I appreciate it John. You might also let your viewers know during the retraction statement that there are no Sydney Funnel Web spiders in the US, and that even if they were somehow introduced to Arkansas they wouldn't survive the climate. They might also mention that spiders kill one or two people a year in the US versus the 3,000 or so that drown. I'm sorry to be so curt but reporting baseless information that's going to terrify your viewers for no reason isn't something a news organization should be doing.

Regretfully,
Patrick Corcoran
- Show quoted text -


----------



## patrickbull (Jul 7, 2011)

Comatose said:


> Please express your dissatisfaction with this story here: http://www.fox16.com/feedback.aspx


I just sent in some feedback asking them to retract the story and to assure people that there is no need to be more concerned about spiders in this area.


----------



## Chris_Skeleton (Jul 8, 2011)

Just left some feedback.


----------



## Comatose (Jul 8, 2011)

Well they changed it to 'Man _Thinks_ he discovered sydney funnel web...' but left the entire story intact, including the ridiculous 300-400 deaths a year metric. I'm going to go ahead and write to Media Matters over lunch.

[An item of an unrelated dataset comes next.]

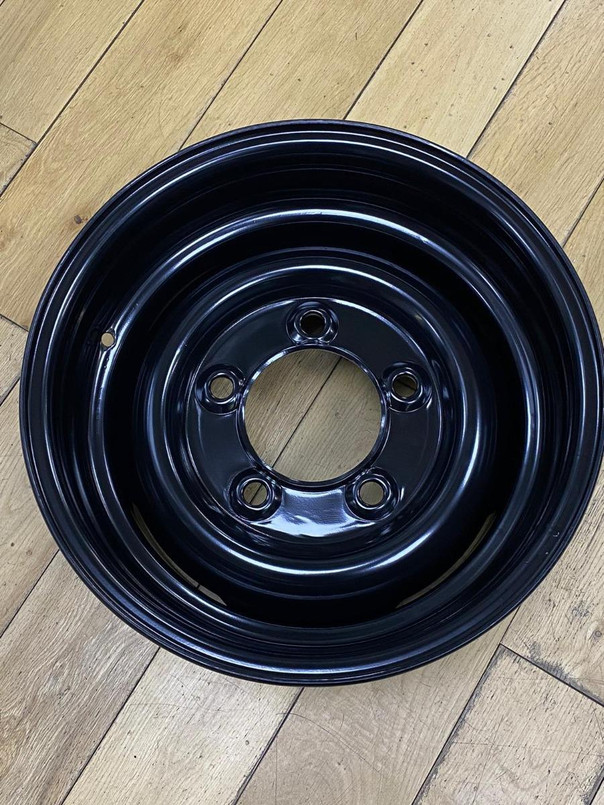 DA2694 - Land Rover Series & Defender Steel Wheel - 16 x 8 - Comes in Primed Ready For Painting Image 2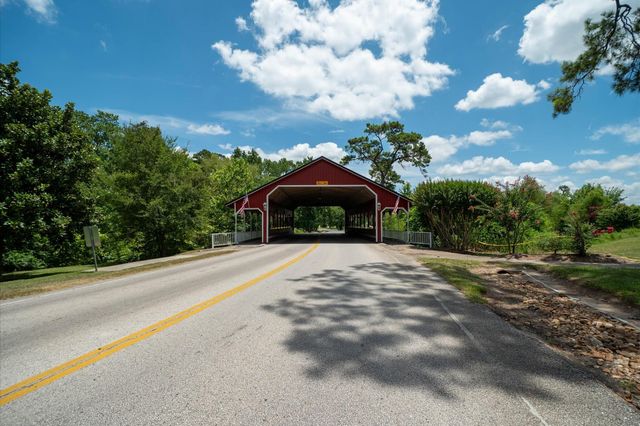 61 River Plantation Drive, Conroe, TX 77302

---------- Post added at 12:22 PM ---------- Previous post was at 10:41 AM ----------

Update - I'm making some serious headway here. I'm in touch with the agency that saw the original specimen and now has a second live specimen. Hopefully this will get quashed and Fox will retract it's story soon.

BTW, Psychedelic, my name is also Patrick, so apologies in advance in you get blamed for all the hell I'm raising


----------



## Tarantel (Jul 8, 2011)

Look at this older article I found.

http://www.dailymail.co.uk/news/article-1301292/Has-worlds-deadliest-Funnel-web-spiders-Gloucester.html


----------



## jsloan (Jul 8, 2011)

Tarantel said:


> Look at this older article I found.
> 
> http://www.dailymail.co.uk/news/article-1301292/Has-worlds-deadliest-Funnel-web-spiders-Gloucester.html


It's amazing how people's imaginations run wild when it comes to spiders!


----------



## Comatose (Jul 8, 2011)

'Distinctive white stipes'.... LMAO

At least it proves people in europe are just as stupid as we are.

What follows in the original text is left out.